Why it matters now: site operators should audit whether Turnstile is acceptable for their user base and consider alternatives for privacy‑sensitive audiences. Browser vendors and extension authors should note they may need to handle degraded UX for users who block WebGL.

United Airlines flight returns after Bluetooth name triggers alert

Why this matters now: A United Airlines 767 returned to Newark after crew detected a discoverable Bluetooth device named "BOMB" — later identified as a teenager’s Fitbit — highlighting how low‑tech signals can trigger large security responses.

Flight UA236 turned back roughly an hour after takeoff when crew and ATC noticed a discoverable Bluetooth device broadcasting a threatening name. Flight attendants demanded Bluetooth be turned off; with two active devices remaining, the crew squawked 7700 and declared an emergency. Passengers were re‑screened and delayed nine hours; the device was later deemed not a threat. Reporting and reaction are collected at the Simple Flying article.
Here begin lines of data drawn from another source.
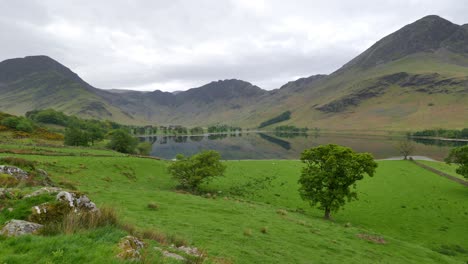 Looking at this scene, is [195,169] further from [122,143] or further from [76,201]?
[122,143]

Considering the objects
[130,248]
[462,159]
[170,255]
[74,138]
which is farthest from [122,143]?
[462,159]

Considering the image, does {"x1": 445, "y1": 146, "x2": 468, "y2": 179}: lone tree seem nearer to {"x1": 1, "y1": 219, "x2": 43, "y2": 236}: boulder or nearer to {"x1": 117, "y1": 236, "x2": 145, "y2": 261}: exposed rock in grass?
{"x1": 117, "y1": 236, "x2": 145, "y2": 261}: exposed rock in grass

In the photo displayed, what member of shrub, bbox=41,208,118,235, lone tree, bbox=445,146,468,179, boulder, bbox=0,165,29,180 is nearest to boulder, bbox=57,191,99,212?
shrub, bbox=41,208,118,235

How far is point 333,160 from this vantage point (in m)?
34.4

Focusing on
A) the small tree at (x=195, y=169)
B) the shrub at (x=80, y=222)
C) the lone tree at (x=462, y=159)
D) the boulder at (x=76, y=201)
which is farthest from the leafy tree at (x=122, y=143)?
the lone tree at (x=462, y=159)

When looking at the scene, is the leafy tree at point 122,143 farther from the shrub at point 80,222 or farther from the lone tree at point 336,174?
the shrub at point 80,222

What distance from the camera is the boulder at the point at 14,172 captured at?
775 inches

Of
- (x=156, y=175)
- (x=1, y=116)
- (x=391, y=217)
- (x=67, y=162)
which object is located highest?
(x=1, y=116)

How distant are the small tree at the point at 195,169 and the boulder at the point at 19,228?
117 feet

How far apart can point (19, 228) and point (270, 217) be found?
22057 millimetres

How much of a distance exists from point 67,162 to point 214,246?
128 ft

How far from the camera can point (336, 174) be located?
3516 centimetres

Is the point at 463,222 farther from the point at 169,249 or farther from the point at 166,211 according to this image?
the point at 169,249

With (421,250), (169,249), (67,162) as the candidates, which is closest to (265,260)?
(169,249) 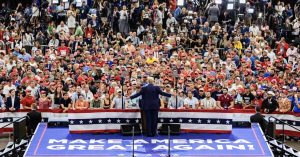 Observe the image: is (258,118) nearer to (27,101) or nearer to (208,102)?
(208,102)

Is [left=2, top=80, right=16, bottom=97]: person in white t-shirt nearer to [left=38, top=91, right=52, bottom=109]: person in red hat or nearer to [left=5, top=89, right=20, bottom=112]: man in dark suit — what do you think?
[left=5, top=89, right=20, bottom=112]: man in dark suit

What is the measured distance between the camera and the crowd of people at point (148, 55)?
26.3 metres

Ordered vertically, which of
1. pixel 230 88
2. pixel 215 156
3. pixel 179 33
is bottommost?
pixel 215 156

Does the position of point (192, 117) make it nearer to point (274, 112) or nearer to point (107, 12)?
point (274, 112)

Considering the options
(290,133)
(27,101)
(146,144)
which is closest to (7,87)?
(27,101)

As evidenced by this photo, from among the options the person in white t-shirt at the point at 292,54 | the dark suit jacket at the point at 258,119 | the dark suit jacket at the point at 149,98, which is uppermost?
the person in white t-shirt at the point at 292,54

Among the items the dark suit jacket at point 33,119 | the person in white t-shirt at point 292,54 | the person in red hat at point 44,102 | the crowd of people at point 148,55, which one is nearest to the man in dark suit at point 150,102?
the crowd of people at point 148,55

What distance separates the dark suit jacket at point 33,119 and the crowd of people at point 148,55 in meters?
1.44

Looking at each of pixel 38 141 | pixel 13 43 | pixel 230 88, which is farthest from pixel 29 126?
pixel 13 43

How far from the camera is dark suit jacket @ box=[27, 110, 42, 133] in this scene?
24.4m

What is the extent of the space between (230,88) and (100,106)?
512cm

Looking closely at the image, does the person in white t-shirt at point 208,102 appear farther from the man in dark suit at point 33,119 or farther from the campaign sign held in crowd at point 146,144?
the man in dark suit at point 33,119

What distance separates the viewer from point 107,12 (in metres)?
36.1

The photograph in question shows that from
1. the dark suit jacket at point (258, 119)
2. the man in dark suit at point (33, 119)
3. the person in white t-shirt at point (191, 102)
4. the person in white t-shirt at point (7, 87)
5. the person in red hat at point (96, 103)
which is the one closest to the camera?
the man in dark suit at point (33, 119) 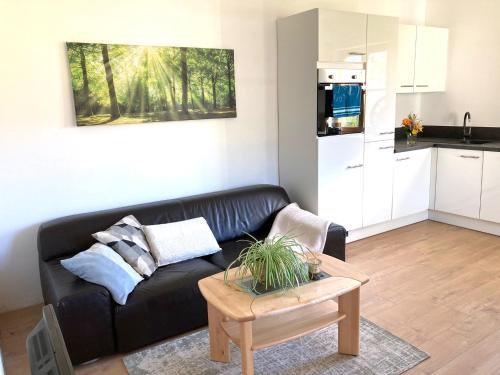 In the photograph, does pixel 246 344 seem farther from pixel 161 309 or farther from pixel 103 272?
pixel 103 272

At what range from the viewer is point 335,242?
127 inches

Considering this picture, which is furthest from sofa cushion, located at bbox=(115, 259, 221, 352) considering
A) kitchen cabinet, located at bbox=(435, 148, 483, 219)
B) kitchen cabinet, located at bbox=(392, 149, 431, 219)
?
kitchen cabinet, located at bbox=(435, 148, 483, 219)

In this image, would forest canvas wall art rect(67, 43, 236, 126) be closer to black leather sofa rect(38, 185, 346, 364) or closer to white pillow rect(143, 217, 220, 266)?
black leather sofa rect(38, 185, 346, 364)

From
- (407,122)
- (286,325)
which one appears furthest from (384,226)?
(286,325)

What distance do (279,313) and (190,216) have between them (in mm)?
1458

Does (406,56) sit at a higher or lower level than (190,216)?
higher

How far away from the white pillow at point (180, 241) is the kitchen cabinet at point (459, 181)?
278cm

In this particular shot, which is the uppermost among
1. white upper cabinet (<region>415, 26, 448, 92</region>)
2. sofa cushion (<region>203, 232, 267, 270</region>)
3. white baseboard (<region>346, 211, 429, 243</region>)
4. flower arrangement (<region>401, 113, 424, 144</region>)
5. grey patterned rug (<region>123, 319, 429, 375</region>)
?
white upper cabinet (<region>415, 26, 448, 92</region>)

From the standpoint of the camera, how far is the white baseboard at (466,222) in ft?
13.5

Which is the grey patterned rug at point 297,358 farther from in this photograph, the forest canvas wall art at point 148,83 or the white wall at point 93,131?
the forest canvas wall art at point 148,83

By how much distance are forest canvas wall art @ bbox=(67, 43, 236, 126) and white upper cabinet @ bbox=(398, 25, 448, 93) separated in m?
1.96

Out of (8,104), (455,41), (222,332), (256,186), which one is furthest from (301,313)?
(455,41)

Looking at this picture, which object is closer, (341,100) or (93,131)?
(93,131)

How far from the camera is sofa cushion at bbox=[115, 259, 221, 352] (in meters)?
2.34
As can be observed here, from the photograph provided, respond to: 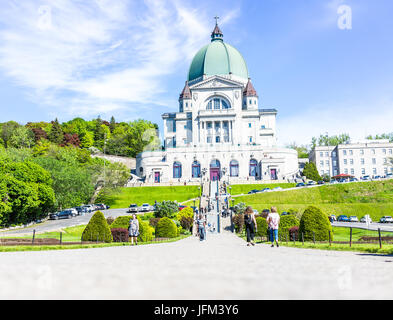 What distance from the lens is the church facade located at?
8250cm

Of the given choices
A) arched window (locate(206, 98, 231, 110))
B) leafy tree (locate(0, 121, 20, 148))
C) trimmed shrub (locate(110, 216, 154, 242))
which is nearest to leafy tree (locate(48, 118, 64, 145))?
leafy tree (locate(0, 121, 20, 148))

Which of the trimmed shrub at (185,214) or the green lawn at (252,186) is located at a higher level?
the green lawn at (252,186)

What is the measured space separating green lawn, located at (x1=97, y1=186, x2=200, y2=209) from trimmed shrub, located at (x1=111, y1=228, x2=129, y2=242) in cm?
3520

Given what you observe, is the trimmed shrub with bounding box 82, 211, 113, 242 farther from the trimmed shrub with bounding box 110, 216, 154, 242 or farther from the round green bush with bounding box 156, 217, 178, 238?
the round green bush with bounding box 156, 217, 178, 238

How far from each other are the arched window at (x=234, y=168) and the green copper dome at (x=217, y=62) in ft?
81.5

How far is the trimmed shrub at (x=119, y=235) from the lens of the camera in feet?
78.0

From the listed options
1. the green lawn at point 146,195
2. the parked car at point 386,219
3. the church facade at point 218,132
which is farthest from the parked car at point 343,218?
the church facade at point 218,132

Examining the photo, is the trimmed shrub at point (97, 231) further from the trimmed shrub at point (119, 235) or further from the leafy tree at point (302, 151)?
the leafy tree at point (302, 151)

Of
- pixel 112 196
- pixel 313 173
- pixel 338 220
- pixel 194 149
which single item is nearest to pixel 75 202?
pixel 112 196

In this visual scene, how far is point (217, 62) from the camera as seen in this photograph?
9444cm

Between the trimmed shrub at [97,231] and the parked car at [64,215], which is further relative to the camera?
the parked car at [64,215] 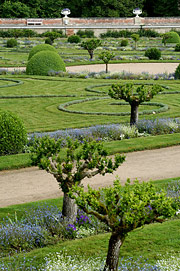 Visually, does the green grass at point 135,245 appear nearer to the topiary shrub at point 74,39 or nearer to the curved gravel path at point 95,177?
the curved gravel path at point 95,177

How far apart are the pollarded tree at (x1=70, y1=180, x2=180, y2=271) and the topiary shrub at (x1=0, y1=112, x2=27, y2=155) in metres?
5.62

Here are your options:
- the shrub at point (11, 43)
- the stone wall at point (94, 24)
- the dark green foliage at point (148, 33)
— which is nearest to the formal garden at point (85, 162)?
the shrub at point (11, 43)

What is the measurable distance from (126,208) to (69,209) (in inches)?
80.8

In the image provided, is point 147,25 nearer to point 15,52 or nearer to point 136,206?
point 15,52

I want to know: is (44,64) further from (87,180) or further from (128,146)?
(87,180)

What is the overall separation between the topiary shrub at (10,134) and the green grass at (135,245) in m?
4.48

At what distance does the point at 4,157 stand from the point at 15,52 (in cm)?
2916

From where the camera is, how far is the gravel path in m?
8.49

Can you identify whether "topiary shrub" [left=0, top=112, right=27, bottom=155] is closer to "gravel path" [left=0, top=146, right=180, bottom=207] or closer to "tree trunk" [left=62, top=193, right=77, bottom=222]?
"gravel path" [left=0, top=146, right=180, bottom=207]

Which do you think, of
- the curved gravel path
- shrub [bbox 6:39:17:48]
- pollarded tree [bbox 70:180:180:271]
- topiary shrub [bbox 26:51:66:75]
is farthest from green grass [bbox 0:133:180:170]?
shrub [bbox 6:39:17:48]

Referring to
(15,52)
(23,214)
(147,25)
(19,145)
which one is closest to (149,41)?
(147,25)

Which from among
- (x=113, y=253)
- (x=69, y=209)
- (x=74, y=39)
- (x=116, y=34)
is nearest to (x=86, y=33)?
(x=116, y=34)

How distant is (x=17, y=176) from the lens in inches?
376

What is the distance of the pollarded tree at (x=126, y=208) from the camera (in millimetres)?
4906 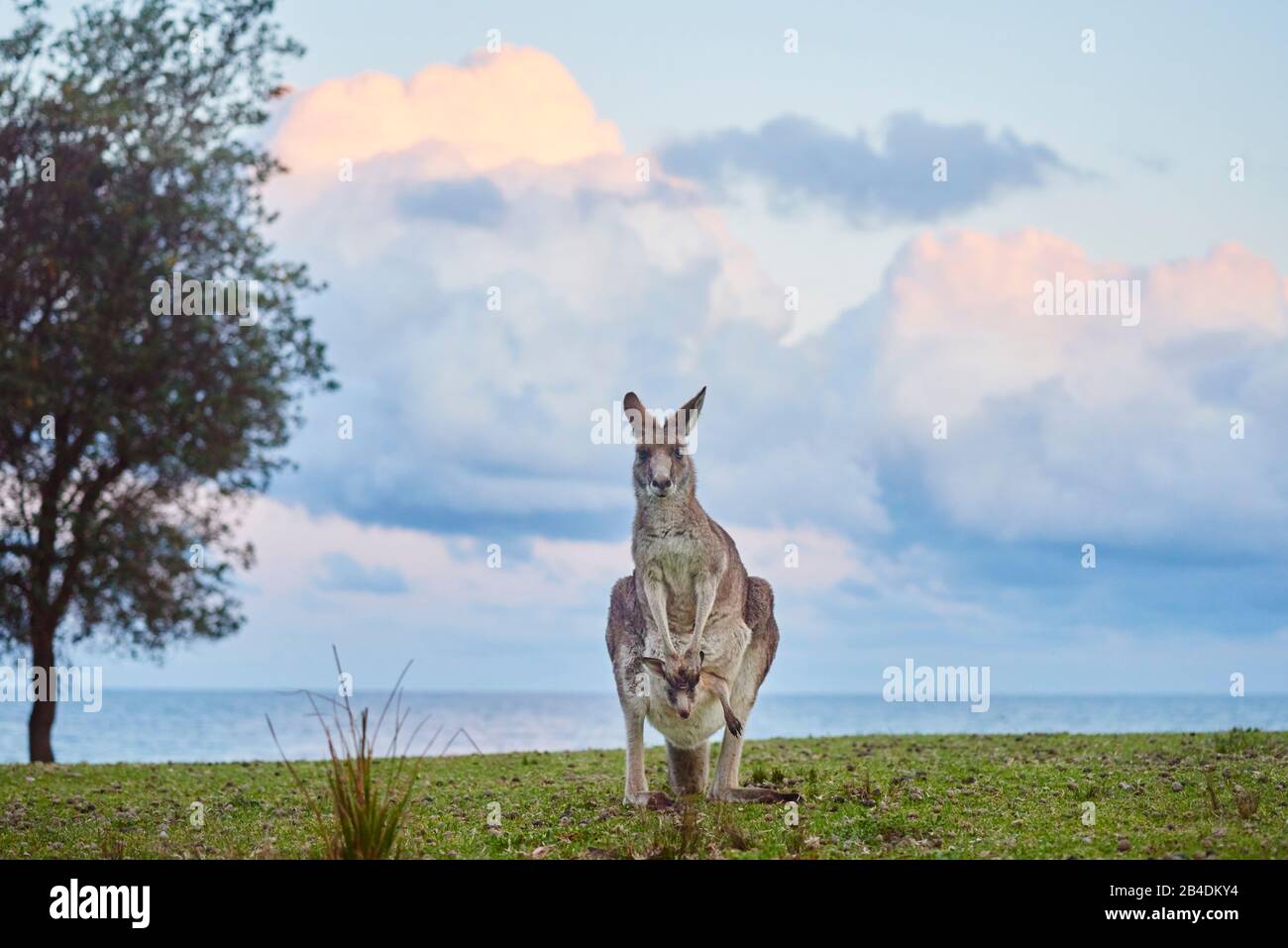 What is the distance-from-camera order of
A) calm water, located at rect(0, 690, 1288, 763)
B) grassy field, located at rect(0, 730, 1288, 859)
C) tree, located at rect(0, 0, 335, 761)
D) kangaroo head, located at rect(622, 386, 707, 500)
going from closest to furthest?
grassy field, located at rect(0, 730, 1288, 859)
kangaroo head, located at rect(622, 386, 707, 500)
tree, located at rect(0, 0, 335, 761)
calm water, located at rect(0, 690, 1288, 763)

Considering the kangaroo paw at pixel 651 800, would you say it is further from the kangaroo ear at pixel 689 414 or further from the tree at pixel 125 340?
the tree at pixel 125 340

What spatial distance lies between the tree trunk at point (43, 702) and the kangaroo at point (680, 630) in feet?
44.6

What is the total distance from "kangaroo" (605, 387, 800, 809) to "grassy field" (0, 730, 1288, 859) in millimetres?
572

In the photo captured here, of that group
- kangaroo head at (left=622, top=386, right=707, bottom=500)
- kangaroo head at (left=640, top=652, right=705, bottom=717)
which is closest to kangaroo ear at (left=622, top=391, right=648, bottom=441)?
Answer: kangaroo head at (left=622, top=386, right=707, bottom=500)

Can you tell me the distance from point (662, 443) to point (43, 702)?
15304 millimetres

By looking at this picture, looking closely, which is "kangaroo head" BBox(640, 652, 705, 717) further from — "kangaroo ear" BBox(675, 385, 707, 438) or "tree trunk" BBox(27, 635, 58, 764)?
"tree trunk" BBox(27, 635, 58, 764)

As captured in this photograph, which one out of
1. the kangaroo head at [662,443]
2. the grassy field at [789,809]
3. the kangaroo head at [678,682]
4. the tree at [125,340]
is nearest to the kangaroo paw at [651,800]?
the grassy field at [789,809]

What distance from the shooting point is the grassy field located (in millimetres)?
9383

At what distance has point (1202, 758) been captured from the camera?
13.9 metres

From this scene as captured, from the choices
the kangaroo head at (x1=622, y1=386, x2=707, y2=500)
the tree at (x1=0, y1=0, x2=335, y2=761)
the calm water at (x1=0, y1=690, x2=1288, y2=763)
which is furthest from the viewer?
the calm water at (x1=0, y1=690, x2=1288, y2=763)

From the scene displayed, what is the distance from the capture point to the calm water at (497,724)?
1953 inches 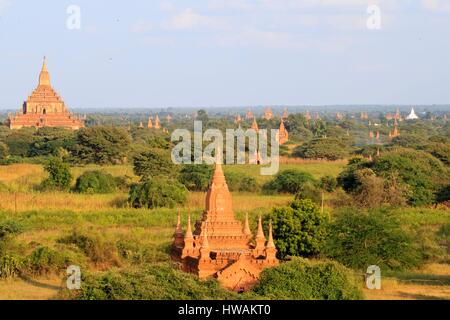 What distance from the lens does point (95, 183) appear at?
43.0m

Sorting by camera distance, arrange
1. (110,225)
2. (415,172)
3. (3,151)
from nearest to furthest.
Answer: (110,225)
(415,172)
(3,151)

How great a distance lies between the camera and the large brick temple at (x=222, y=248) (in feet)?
69.3

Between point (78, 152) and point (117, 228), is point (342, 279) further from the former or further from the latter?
point (78, 152)

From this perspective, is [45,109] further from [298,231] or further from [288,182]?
[298,231]

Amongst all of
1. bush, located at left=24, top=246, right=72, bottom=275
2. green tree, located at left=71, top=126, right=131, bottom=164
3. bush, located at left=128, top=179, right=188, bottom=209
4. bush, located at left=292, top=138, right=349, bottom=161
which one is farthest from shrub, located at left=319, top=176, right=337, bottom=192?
bush, located at left=292, top=138, right=349, bottom=161

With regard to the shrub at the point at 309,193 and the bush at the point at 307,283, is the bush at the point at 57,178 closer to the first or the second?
the shrub at the point at 309,193

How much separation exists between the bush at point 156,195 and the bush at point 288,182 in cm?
595

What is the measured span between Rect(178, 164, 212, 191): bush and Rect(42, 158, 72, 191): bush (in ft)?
14.5

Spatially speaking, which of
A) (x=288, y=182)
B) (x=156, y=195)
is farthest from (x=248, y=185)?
(x=156, y=195)

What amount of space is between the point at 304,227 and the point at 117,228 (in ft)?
24.4

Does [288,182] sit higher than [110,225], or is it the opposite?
[288,182]

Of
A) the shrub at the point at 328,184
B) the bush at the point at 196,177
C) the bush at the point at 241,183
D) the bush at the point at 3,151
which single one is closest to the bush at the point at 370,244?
the shrub at the point at 328,184

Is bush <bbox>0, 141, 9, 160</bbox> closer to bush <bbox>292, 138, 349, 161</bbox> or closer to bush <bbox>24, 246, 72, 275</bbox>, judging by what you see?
bush <bbox>292, 138, 349, 161</bbox>

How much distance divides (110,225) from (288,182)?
11651 millimetres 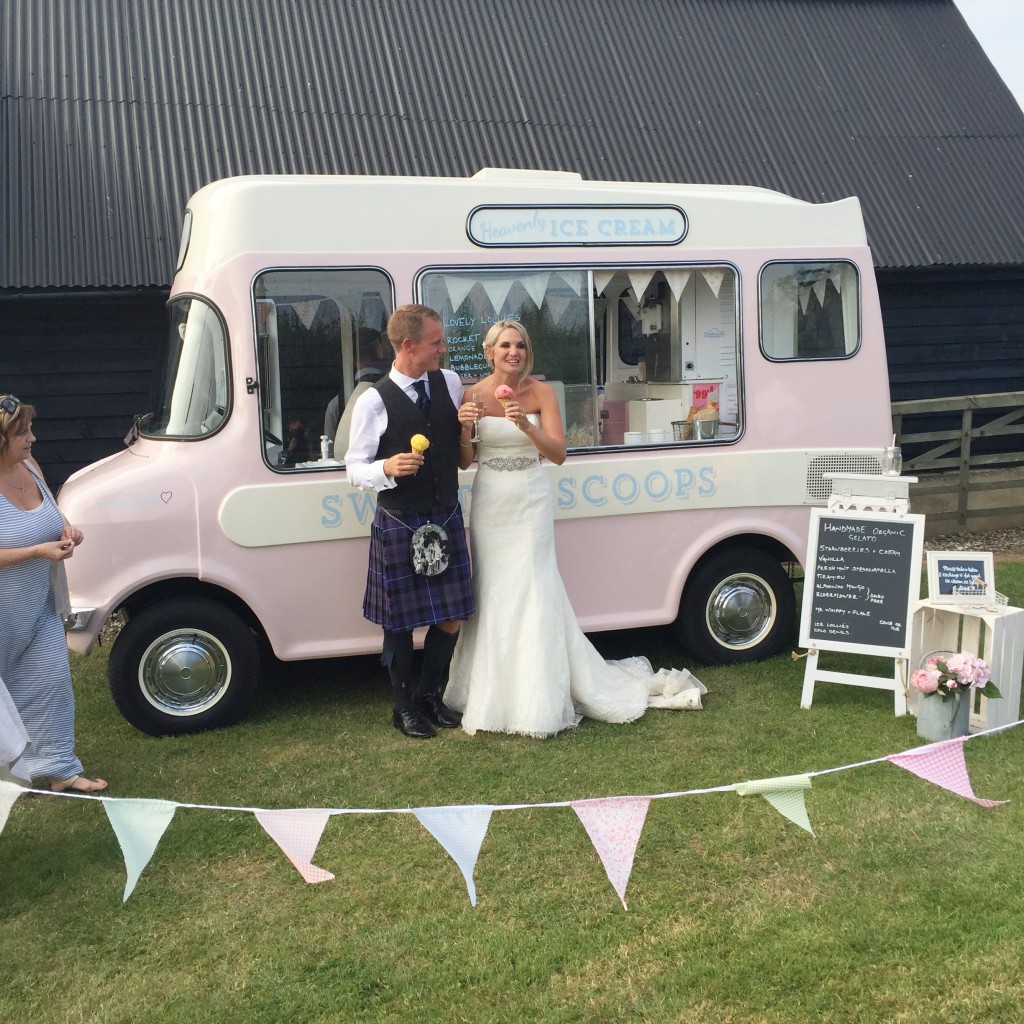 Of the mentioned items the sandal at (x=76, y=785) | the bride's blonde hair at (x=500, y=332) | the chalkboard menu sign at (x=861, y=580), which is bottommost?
the sandal at (x=76, y=785)

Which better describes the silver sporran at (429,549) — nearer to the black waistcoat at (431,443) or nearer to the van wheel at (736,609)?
the black waistcoat at (431,443)

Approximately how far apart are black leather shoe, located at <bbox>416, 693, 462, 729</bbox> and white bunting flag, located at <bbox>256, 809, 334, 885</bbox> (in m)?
1.90

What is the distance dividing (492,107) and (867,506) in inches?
266

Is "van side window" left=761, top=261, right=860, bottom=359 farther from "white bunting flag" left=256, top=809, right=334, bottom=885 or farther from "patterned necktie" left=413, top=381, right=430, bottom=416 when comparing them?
"white bunting flag" left=256, top=809, right=334, bottom=885

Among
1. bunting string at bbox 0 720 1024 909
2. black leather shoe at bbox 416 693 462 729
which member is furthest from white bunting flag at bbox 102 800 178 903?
black leather shoe at bbox 416 693 462 729

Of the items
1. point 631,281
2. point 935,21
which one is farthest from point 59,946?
point 935,21

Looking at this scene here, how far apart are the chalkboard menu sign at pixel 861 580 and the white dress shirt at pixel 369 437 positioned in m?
2.27

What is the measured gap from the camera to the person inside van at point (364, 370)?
5.44 metres

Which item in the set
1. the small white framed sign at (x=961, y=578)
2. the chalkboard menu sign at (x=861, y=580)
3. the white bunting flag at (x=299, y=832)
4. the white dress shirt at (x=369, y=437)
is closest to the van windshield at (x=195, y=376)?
the white dress shirt at (x=369, y=437)

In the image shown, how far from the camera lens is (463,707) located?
5.43 metres

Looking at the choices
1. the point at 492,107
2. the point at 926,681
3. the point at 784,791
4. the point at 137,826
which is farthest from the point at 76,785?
the point at 492,107

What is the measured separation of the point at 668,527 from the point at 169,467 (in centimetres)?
265

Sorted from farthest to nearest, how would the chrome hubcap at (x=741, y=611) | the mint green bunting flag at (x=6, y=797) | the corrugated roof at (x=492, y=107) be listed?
1. the corrugated roof at (x=492, y=107)
2. the chrome hubcap at (x=741, y=611)
3. the mint green bunting flag at (x=6, y=797)

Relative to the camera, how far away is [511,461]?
17.0 ft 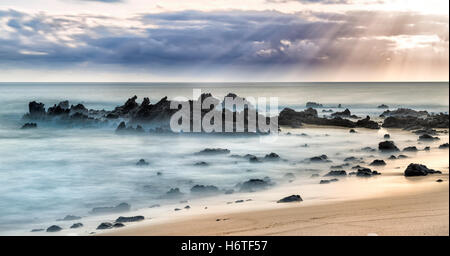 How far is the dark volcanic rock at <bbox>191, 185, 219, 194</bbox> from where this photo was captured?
7.32m

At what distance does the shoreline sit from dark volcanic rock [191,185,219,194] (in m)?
1.76

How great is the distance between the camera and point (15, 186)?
7.80m

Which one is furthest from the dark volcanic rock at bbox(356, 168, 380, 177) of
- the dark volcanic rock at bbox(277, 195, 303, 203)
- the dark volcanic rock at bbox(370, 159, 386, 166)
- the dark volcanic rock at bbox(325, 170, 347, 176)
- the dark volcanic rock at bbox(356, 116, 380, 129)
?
the dark volcanic rock at bbox(356, 116, 380, 129)

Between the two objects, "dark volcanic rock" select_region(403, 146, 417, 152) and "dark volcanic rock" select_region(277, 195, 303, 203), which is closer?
"dark volcanic rock" select_region(277, 195, 303, 203)

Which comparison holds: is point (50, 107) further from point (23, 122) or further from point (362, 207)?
point (362, 207)

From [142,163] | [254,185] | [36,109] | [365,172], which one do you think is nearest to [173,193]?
[254,185]

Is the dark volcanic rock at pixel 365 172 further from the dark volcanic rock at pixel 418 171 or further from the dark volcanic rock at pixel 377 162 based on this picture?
the dark volcanic rock at pixel 377 162

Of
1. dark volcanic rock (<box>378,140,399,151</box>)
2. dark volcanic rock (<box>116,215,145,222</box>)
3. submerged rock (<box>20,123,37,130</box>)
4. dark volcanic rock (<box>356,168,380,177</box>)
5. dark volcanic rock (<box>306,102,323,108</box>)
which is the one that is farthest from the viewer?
dark volcanic rock (<box>306,102,323,108</box>)

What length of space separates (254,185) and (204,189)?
74cm

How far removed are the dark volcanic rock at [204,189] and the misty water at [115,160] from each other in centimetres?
15

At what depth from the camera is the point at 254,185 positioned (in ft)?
23.6

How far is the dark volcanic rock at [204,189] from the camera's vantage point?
732 centimetres

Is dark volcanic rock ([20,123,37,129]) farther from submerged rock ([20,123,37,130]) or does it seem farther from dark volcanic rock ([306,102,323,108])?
dark volcanic rock ([306,102,323,108]) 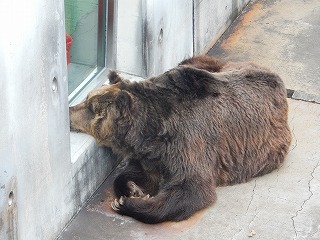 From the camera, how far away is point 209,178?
696 cm

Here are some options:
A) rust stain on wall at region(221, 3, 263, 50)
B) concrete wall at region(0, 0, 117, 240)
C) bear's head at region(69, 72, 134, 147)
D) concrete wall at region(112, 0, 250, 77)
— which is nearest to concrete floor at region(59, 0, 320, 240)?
concrete wall at region(0, 0, 117, 240)

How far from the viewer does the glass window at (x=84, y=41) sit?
7.38 metres

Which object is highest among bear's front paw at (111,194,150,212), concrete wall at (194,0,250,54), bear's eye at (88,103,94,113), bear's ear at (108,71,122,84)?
bear's ear at (108,71,122,84)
Why it matters now: operators of public venues and transport should expect that beacon names and SSIDs can cause outsized responses. Simple mitigations — educating passengers, scanning for beacons during security, and adjusting response protocols — can reduce costly overreactions without compromising safety.

The Bottom Line

A live exploit and practical on‑device models together sketch two futures: one where poorly sandboxed agents can silently drain enterprise data, and another where powerful models live on end‑user hardware. Both trends move authority away from opaque centralized systems — for good or ill — and put the burden on engineers to lock down runtimes, rethink privilege boundaries, and design safe update paths.